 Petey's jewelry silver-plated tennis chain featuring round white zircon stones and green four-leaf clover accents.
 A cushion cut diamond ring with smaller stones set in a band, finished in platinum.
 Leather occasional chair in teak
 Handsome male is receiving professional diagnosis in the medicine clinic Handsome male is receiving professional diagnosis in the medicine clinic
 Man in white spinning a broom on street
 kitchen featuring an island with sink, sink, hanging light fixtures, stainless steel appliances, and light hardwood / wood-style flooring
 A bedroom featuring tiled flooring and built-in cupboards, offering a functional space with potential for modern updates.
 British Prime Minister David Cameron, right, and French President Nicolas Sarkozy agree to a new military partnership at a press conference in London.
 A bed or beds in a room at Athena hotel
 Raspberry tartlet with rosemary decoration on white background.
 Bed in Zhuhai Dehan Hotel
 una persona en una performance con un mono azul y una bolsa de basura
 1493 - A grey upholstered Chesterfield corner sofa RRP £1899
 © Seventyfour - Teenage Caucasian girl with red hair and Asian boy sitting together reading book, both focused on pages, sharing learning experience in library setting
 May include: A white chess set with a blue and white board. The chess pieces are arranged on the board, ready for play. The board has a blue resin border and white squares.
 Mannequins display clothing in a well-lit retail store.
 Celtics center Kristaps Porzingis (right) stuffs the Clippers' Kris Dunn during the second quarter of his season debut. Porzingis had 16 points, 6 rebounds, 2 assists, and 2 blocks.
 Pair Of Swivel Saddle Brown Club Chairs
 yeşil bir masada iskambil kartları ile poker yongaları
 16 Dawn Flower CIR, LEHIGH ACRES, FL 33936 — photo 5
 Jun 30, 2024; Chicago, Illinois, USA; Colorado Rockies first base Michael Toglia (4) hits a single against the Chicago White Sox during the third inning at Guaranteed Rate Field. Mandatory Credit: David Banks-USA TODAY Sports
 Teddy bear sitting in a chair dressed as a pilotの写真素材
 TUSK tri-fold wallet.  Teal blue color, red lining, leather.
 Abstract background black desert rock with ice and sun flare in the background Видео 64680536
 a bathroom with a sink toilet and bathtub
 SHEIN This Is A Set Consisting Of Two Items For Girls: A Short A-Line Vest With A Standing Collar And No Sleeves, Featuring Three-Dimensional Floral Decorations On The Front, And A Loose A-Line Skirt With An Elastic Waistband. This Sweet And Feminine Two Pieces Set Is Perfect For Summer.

PROBLEM TO WORK ON. Above are the records; repeat exactly the lines from the one holding "TUSK tri-fold wallet." down to the one holding "a bathroom with a sink toilet and bathtub", end lines included.

SOLUTION FOR THIS TASK.
 TUSK tri-fold wallet.  Teal blue color, red lining, leather.
 Abstract background black desert rock with ice and sun flare in the background Видео 64680536
 a bathroom with a sink toilet and bathtub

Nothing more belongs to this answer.